İşe yaramak


Delice bir tuzaktır işe yaramak çoğumuzun hayatında. Şizofrenik boyutlara ulaşabilir bu olgu. İşe yaramak için ne yapmayalım ve nasıl yapmalıyım arasında debelenriz. Çoğumuz istemeden hayat tarzı edinmişizdir,onu. Karşımızdaki yaşadığı bir olaydan söz ederken hemen çıkarımlar romanı yazarız işe yaramak için. 

-Dün kiralık ev bakmaya gittik ya. Ayağıma karasular indi. Gezmedik emlakçı kalmadı bu yaka da, hepsi ne kadar da kötü evlerin.

- Ee neden bana söylemedin? Bizim sitede bir dolu kiralık var. Dur şimdi bende emlakçının numarası vardı, oradan arayacağım.

İşe yarama kaygısı bazı kişi ve olaylarda çalışabilir gerçekten. Ancak, bu durumsal işe yarama daha da çok kamçılar sizi esasında.

Niye işe yarayabilir? Çünkü bazılarımız ima yollu aktarımları tercih ederiz. Bizi bu zamana kadar getiren merdivenler açık ve net olarak kendimizi ve derdimizi anlatmaya olanak sağlamamıştır.Ya da teşvik etmemiştir. Bastırılmışızdır. Talepkar olmaktan çekinmişizdir. Belki de talepkar görünmekten. Bu durumlarda, işe yarama güdüsü karşı tarafta gerçekten yer bulabilir. Ancak, bir eksiklik olan kendini açık ve net ifade etmesine yardımcı olmaz çoğu zaman.

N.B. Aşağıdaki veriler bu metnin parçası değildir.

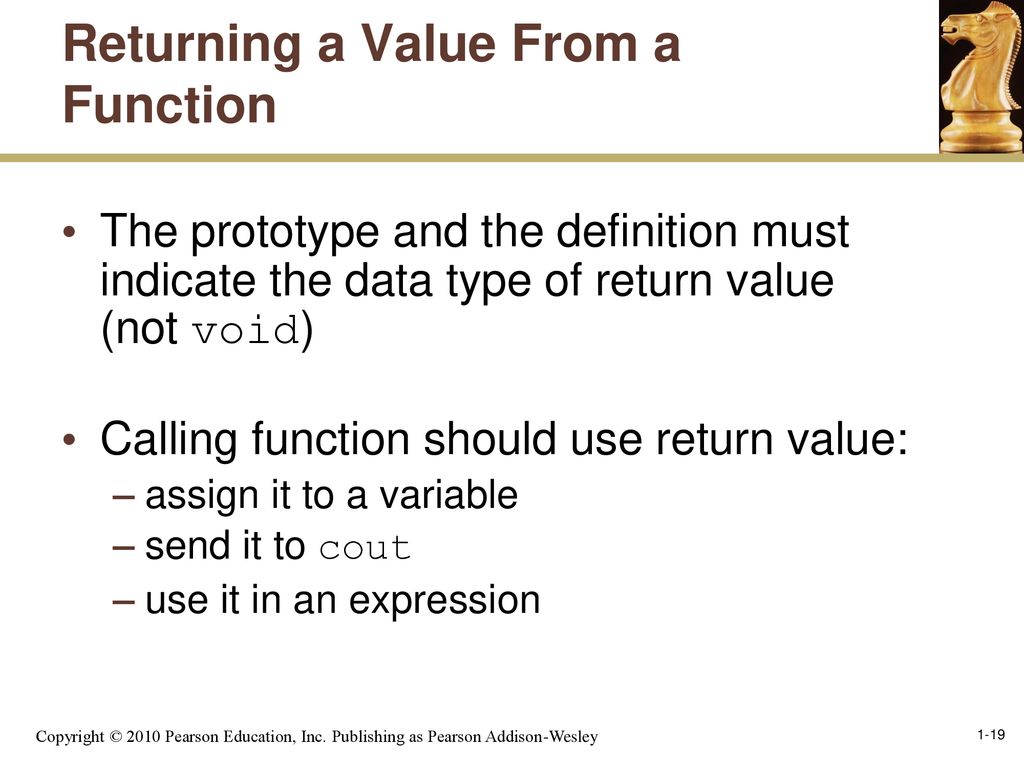 Chapter 6: Functions Copyright © 2010 Pearson Education, Inc ...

İşe yarayacak ne var diye konu ararız diyaloglarda. Hahh, buldum işte. Bana, işe yarmak için müthiş bir fırsat.  Baktık işe yaramak ortası gelmiyor. O zaman başka tatktik girer devereye. İşe yaradığımızı gösterecek lüzümsuz çabalar... 

Kendinizce direksiyonda mutabık kaldığınız varış yerine doğru gidiyorsunuzdur. Yan koltuktaki işe yarama şizofrenisi arkadaşınız ise tetiktedir. Atılır;

- Aa neden buradan gidiyorsun. Biraz ilerideki kavşakta trafik çok sıkışır. Dön sen buradan sağa şimdi. Ben seni lap diye çıkaracağım istasyona, Merak etme!

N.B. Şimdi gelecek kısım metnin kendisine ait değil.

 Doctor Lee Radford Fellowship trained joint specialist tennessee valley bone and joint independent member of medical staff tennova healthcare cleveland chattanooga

- Kasıntıdan ellerim direksiyonda kilitlendi. Merak etmiyorum da ben istemedim ki arkadaşım. İstesem kısa yol söylerim. Üstelik neye göre kısa. Geçmiş tecrübelerine göre. Ya bugün oraya bir tretuvar örülmüşse. Ya da çöp kamyonu sokağı tıkmışsa. Ya da bir kaza bizi orada bekliyorsa. Bırak yolumuza gidelim.

diye aklınızdan geçirirsiniz.

Hayırr. İşe yaramalıyım ben. O zaman air condition çalışma prensiplerinden gireyim, der arkadaşınız.

-Abi, sen neden klimayı bu konumda çalıştırıyorsun? Boşuna benzin yakıyorsun. Şu konumda çalıştırsana.

 (Bak ben de işe yaradığımı hissedeyim ha? Ne olur?)

Hissettirirsiniz ya da boş ver dersiniz belki. Klimayı o ayara getirir ya da getirmezsiniz. Ama işe yarama kaygısı akut bir hale doğru gidiyordur artık.

Oysa, işe yaradığımızı görmek için değil, içini dökmek, dinlendiğini hissetmek, paylaşılmak için biz varız. Kaçırırız işte;

işe yaramak için ...

"Between two evils, I always pick the one I never tried before".